In this study we identified the risk factors of three CKD phenotypes in T2D patients. According to our data, non-albuminuric CKD is associated with age ≥ 65 years, female sex, diabetes duration ≥ 15 years, and the use of diuretics. Male sex, smoking, waist-to-hip ratio > 1.0 and HbA1c > 8.0% are risk factors for elevated albuminuria not accompanied by a decrease in estimated glomerular filtration rate (eGFR). Duration of diabetes ≥ 15 years and the use of calcium channel blockers seem to be risk factors for albuminuria with decreased eGFR. We also found some differences in predictors of decreased eGFR and increased albuminuria. In multivariate logistic regression analysis, age, HbA1c, female sex and diuretics were significant predictors for reduced eGFR, while waist-to-hip ratio, HbA1c and male sex were associated with elevated urinary albumin-to-creatinine ratio (UACR). In accordance with the tested hypothesis, we found the differences in urinary biomarkers of podocyte and tubulointerstitium involvement in patients with different CKD phenotypes. Excretion of nephrin and podocin was increased in patients with albuminuria, regardless of decline in renal function, correlating positively with UACR. At the same time, in women, WFDC-2 excretion was increased in those with reduced renal function, correlating negatively with eGFR.

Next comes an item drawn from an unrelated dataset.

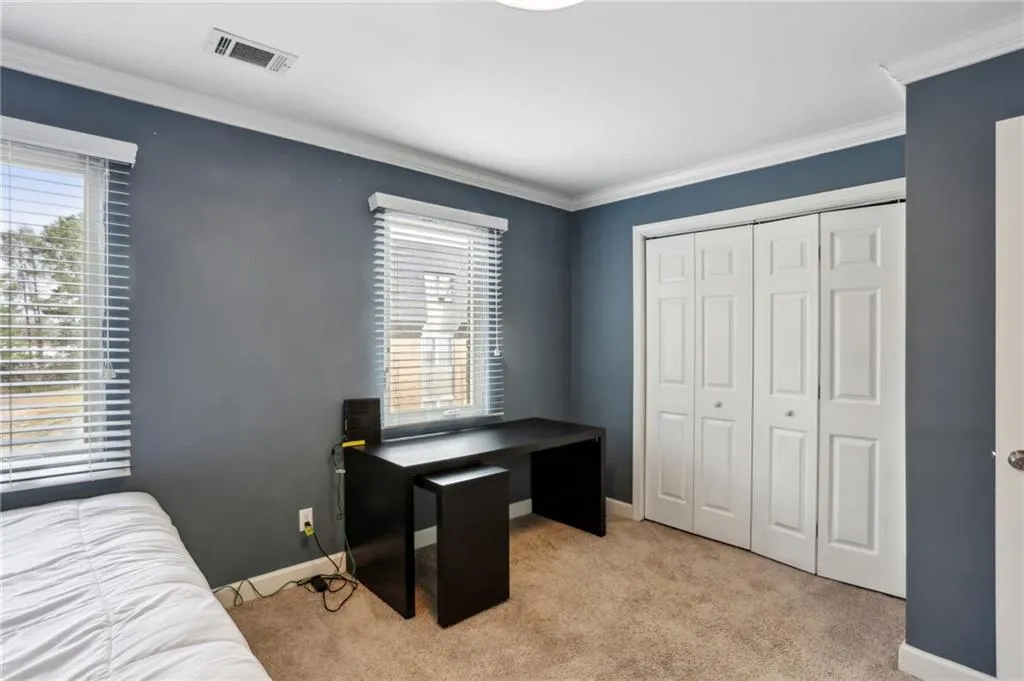265 Winding River Drive Unit G, Sandy Springs, Georgia 30350, 2 Bedrooms Bedrooms, ,1 BathroomBathrooms,Residential,Sold,265 Winding River Drive Unit G,7539683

To our knowledge, this is the first study addressing the diversity in clinical characteristics and urinary biomarkers in T2D subjects with different CKD phenotypes. The results of this study provide new data on the risk factors and mechanisms of different variants of CKD in patients with long-term T2D. Firstly, by matching a panel of clinical and laboratory parameters of T2D patients who had an increase in albuminuria, a decrease in eGFR, or both deviations, with parameters in T2D patients with normoalbuminuria and preserved renal function, we showed the differences in profiles of the risk factors for CKD phenotypes. According to our data, non-albuminuric CKD phenotype is associated with age, female sex, diabetes duration, and the use of diuretics, whereas male sex, smoking, abdominal obesity and poor glycemic control are risk factors for elevated albuminuria. Secondly, we demonstrated some features in the urinary excretion of biomarkers, reflecting the podocyte and interstitial involvement, in patients with different CKD phenotypes. A significantly more demonstrative increase in the excretion of nephrin and podocin in patients with elevated UACR compared to those without could suggests that albuminuric CKD is associated with more severe podocyte involvement. The increase in urinary excretion of WFDC-2 in women with T2D and decreased eGFR apparently indicates more advanced tubulointerstitial fibrosis. The data provide further evidence that albuminuric and non-albuminuric CKD phenotypes correspond to different pathways of diabetic kidney disease progression. The diversity in the profiles of risk factors should be taken into account by clinicians in the management of diabetes.
Since our study has a cross-sectional design, it does not prove causality. Accordingly, significance of some identified risk factors needs further confirmation. In particular, the role of abdominal obesity, insulin resistance, diuretics and calcium channel blockers needs to be verified in prospective studies. The assessment of the predictive value of the studied biomarkers in albuminuric and non-albuminuric CKD phenotypes is a challenge for future research. The studies of the renoprotective potential of antihyperglycemic, antihypertensive and other therapeutic agents in different CKD phenotypes are urgently needed.